Problem to solve:
Keep the pictures out, please, and set down every record exactly.

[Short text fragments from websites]
^^^^^^^^

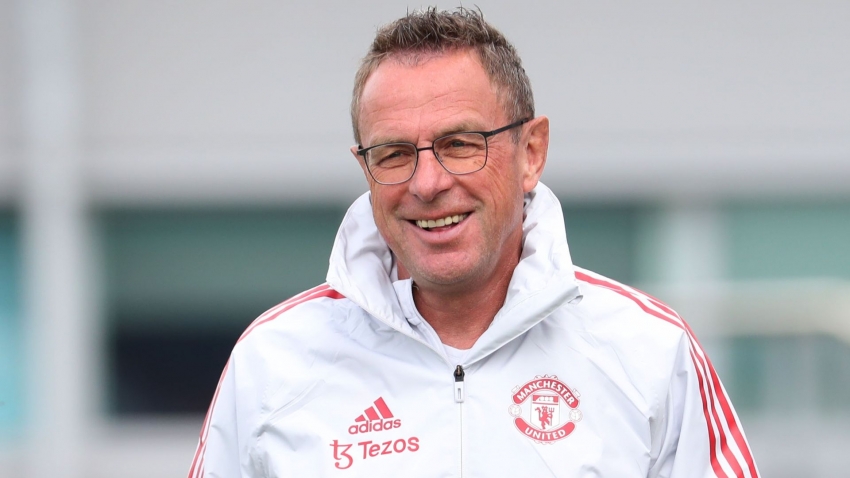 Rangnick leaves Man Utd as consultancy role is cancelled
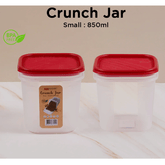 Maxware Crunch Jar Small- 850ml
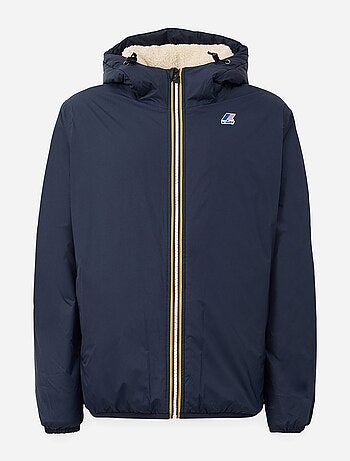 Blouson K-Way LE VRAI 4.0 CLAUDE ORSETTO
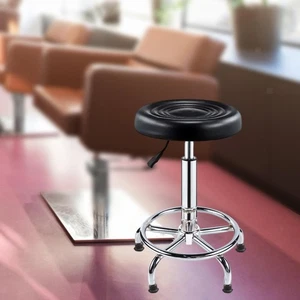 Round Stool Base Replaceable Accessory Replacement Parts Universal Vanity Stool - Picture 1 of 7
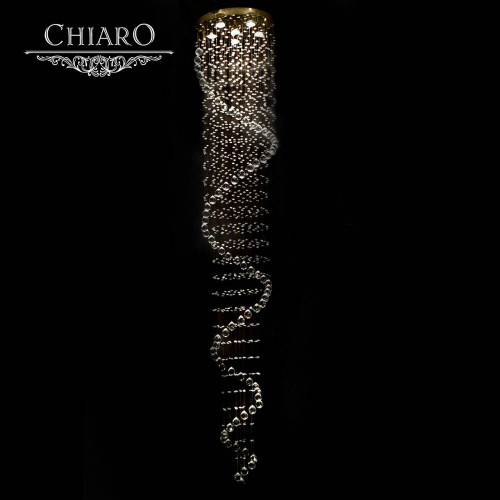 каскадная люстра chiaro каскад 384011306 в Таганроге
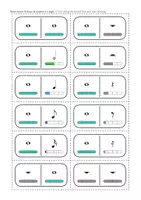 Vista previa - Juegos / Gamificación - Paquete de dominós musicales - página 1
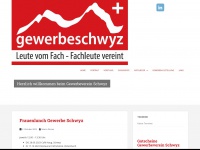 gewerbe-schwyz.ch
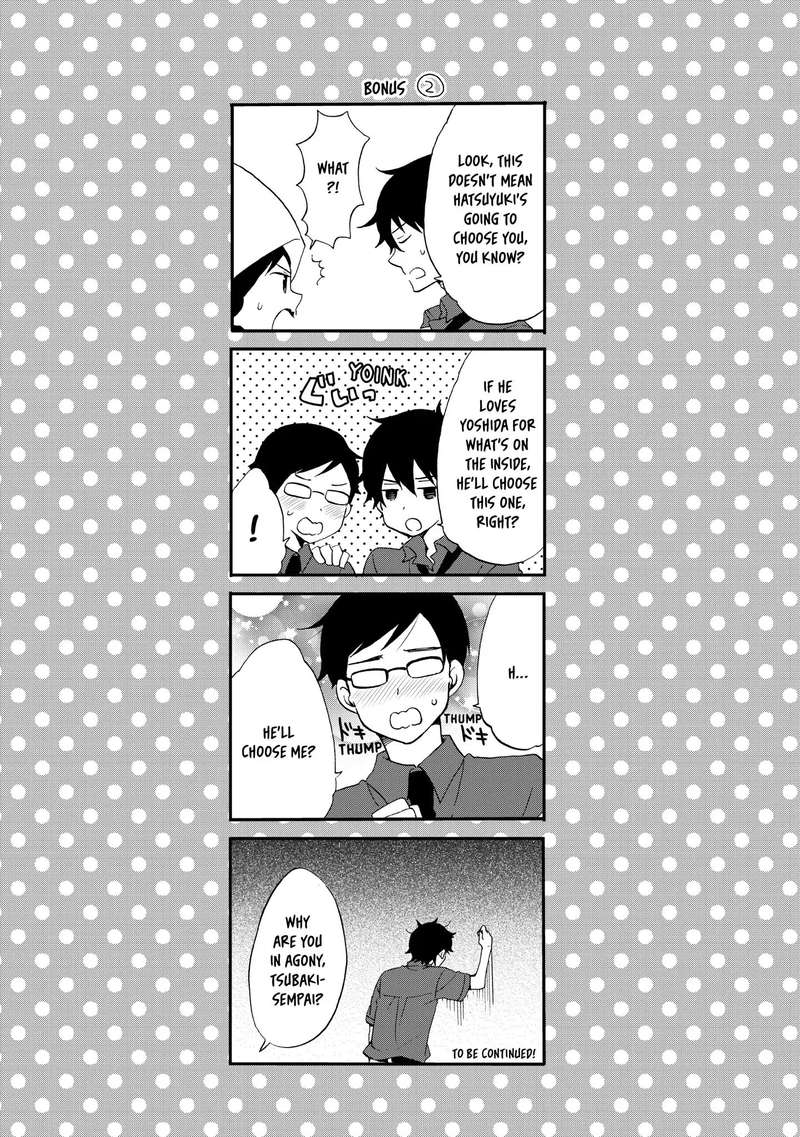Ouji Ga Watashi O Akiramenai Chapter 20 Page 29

^^^^^^^^

Response to this exercise:
 Rangnick leaves Man Utd as consultancy role is cancelled
 Maxware Crunch Jar Small- 850ml
 Blouson K-Way LE VRAI 4.0 CLAUDE ORSETTO
 Round Stool Base Replaceable Accessory Replacement Parts Universal Vanity Stool - Picture 1 of 7
 каскадная люстра chiaro каскад 384011306 в Таганроге
 Vista previa - Juegos / Gamificación - Paquete de dominós musicales - página 1
 gewerbe-schwyz.ch
Ouji Ga Watashi O Akiramenai Chapter 20 Page 29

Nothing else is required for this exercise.